US equity indexes traded mixed ahead of Big-Tech earnings after the market closes on Tuesday and as government bond yields rose following September's job openings and consumer confidence data.
The S&P 500 rose 0.2% to 5,832.1 after midday Tuesday, and the Nasdaq Composite climbed 0.5% to 18,651.2. The Dow Jones Industrial Average slipped less than 0.1% to 42,361.3. Utilities and energy were among the decliners intraday. Communication services and technology led the gainers.
Quarterly earnings from mega-caps such as Alphabet (GOOG, GOOGL) and Advanced Micro Devices (AMD) are due after the bell on Tuesday, followed by Apple (AAPL), Microsoft (MSFT), Amazon.com (AMZN), and Meta Platforms (META) in the rest of this week.
US job openings fell to 7.443 million in September, the Bureau of Labor Statistics said Tuesday. The print is below the 8 million expected in a survey compiled by Bloomberg and 7.861 million reported in August.

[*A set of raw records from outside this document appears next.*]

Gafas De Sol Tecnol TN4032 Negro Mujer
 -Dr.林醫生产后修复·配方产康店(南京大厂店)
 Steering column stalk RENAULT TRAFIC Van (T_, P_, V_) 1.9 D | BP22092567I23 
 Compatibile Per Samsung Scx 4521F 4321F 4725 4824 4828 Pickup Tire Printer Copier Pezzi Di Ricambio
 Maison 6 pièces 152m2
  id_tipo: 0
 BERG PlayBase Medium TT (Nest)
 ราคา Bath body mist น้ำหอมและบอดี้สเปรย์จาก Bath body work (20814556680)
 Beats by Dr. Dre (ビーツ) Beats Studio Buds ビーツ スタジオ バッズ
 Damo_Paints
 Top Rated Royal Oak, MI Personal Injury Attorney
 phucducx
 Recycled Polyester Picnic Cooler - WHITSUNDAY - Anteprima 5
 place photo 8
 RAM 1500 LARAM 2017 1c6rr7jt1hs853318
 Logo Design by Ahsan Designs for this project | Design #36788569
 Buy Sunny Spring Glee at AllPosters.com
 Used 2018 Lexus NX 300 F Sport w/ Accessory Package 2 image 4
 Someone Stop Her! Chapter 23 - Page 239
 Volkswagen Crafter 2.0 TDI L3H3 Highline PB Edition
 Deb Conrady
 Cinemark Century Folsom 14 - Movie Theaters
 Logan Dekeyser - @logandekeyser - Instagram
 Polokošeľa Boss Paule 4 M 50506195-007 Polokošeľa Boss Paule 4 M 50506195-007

Most US Treasury yields rose intraday, with the 10-year up 3.6 basis points to 4.31%, its highest since early July. The two-year yield slipped less than one basis point to 4.14% but still hovered near its strongest since early August.
In company news, Cadence Design Systems (CDNS) jumped 11% intraday, the top performer in the S&P 500 and the Nasdaq, after the company reported better-than-expected Q3 results.
The worst performer on the index was D.R. Horton (DHI), down 9.7% intraday after the company reported a year-over-year decline in fiscal Q4 net income and revenue. Its sales guidance for fiscal 2025 also missed market expectations.
PayPal's (PYPL) Q3 revenue grew less than forecast, and while earnings growth outpaced analysts' views, the payment company's shares were still down 4.6% intraday, the steepest decliner on the Nasdaq.
West Texas Intermediate crude oil slipped 0.3% to $67.18 a barrel.